━━ Provided entries ━━

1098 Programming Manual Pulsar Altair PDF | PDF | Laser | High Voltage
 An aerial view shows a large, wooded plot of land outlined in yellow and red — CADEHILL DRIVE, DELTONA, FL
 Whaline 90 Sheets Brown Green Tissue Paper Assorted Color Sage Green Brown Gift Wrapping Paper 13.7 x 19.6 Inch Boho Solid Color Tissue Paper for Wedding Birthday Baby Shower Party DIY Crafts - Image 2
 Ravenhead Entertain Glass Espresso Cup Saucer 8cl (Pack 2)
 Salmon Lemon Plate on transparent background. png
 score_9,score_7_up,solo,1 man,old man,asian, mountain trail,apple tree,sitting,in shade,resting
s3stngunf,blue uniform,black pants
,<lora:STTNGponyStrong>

━━━

> **Assignment**: Your task is to repeat the records exactly. Begin at their first line and stop after the line containing "Salmon Lemon Plate".

> **Result for this task**:
1098 Programming Manual Pulsar Altair PDF | PDF | Laser | High Voltage
 An aerial view shows a large, wooded plot of land outlined in yellow and red — CADEHILL DRIVE, DELTONA, FL
 Whaline 90 Sheets Brown Green Tissue Paper Assorted Color Sage Green Brown Gift Wrapping Paper 13.7 x 19.6 Inch Boho Solid Color Tissue Paper for Wedding Birthday Baby Shower Party DIY Crafts - Image 2
 Ravenhead Entertain Glass Espresso Cup Saucer 8cl (Pack 2)
 Salmon Lemon Plate on transparent background. png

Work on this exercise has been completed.